Environmental variable $LANG is set to default en_US.UTF-8


Solution

  • In the conclusion of the answer I linked (which I still recommend reading) we can find:

    When I should use std::wstring over std::string?

    On Linux? Almost never, unless you use a toolkit/framework.

    Short explanation why:

    First of all, Linux is natively encoded in UTF-8 and is consequent in it (in contrast to e.g. Windows where files has one encoding and cmd.exe another).

    Now let's have a look at such simple program:

    #include <iostream>
    
    int main()
    {
        std::string  foo =  "ψA"; // character 'A' is just control sample
        std::wstring bar = L"ψA"; // --
    
        for (int i = 0; i < foo.length(); ++i) {
            std::cout  << static_cast<int>(foo[i]) << " ";
        }
        std::cout << std::endl;
    
        for (int i = 0; i < bar.length(); ++i) {
            std::wcout << static_cast<int>(bar[i]) << " ";
        }
        std::cout << std::endl;
    
        return 0;
    }
    

    The output is:

    -49 -120 65 
    968 65 
    

    What does it tell us? 65 is ASCII code of character 'A', it means that that -49 -120 and 968 corresponds to 'ψ'.

    In case of char character 'ψ' takes actually two chars. In case of wchar_t it's just one wchar_t.
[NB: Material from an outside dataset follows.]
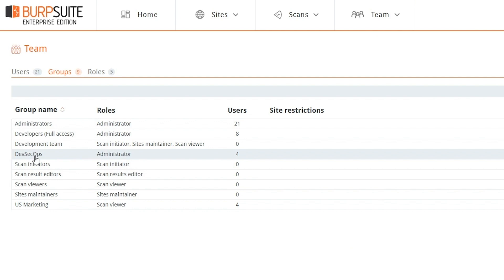then when a user logs into Enterprise Edition, they will authenticate against Active Directory, and they will pick up the permissions that they have in virtue of being in those groups. So it's all really simple.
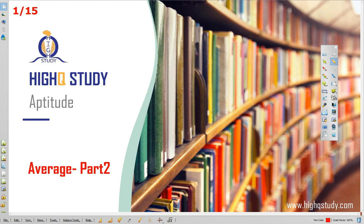Welcome to IQ Study, Unique Approach of Teaching. Myself Muhammad Ashraf. In this aptitude session, average basic sums are very basic. Let me directly move on to today's session.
    Let's also check sizes of those types:

    std::cout << "sizeof(char)    : " << sizeof(char)    << std::endl;
    std::cout << "sizeof(wchar_t) : " << sizeof(wchar_t) << std::endl;
    

    Output:

    sizeof(char)    : 1
    sizeof(wchar_t) : 4
    

    1 byte on my machine has standard 8 bits. char has 1 byte (8 bits), while wchar_t has 4 bytes (32 bits).

    UTF-8 operates on, nomen omen, code units having 8 bits. There is is a fixed-length UTF-32 encoding used to encode Unicode code points that uses exactly 32 bits (4 bytes) per code point, but it's UTF-8 which Linux uses.
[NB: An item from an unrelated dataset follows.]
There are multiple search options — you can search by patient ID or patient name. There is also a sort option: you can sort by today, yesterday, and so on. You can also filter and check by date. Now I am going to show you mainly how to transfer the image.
    Ergo, terminal expects to get those two negatively signed values to print character 'ψ', not one value which is way above ASCII table (codes are defined up to number 127 - half of char possible values).

    That's why std::cout << char(-49) << char(-120); will also print ψ.


    But it shows the const char[] as printing correctly. But when I typecast to (char), nothing is printed.

    The character was already encoded different, there are different values in there, simple casting won't be enough to convert them.

    And as I've shown, size char is 1 byte and of wchar_t is 4 bytes. You can safely cast upward, not downward.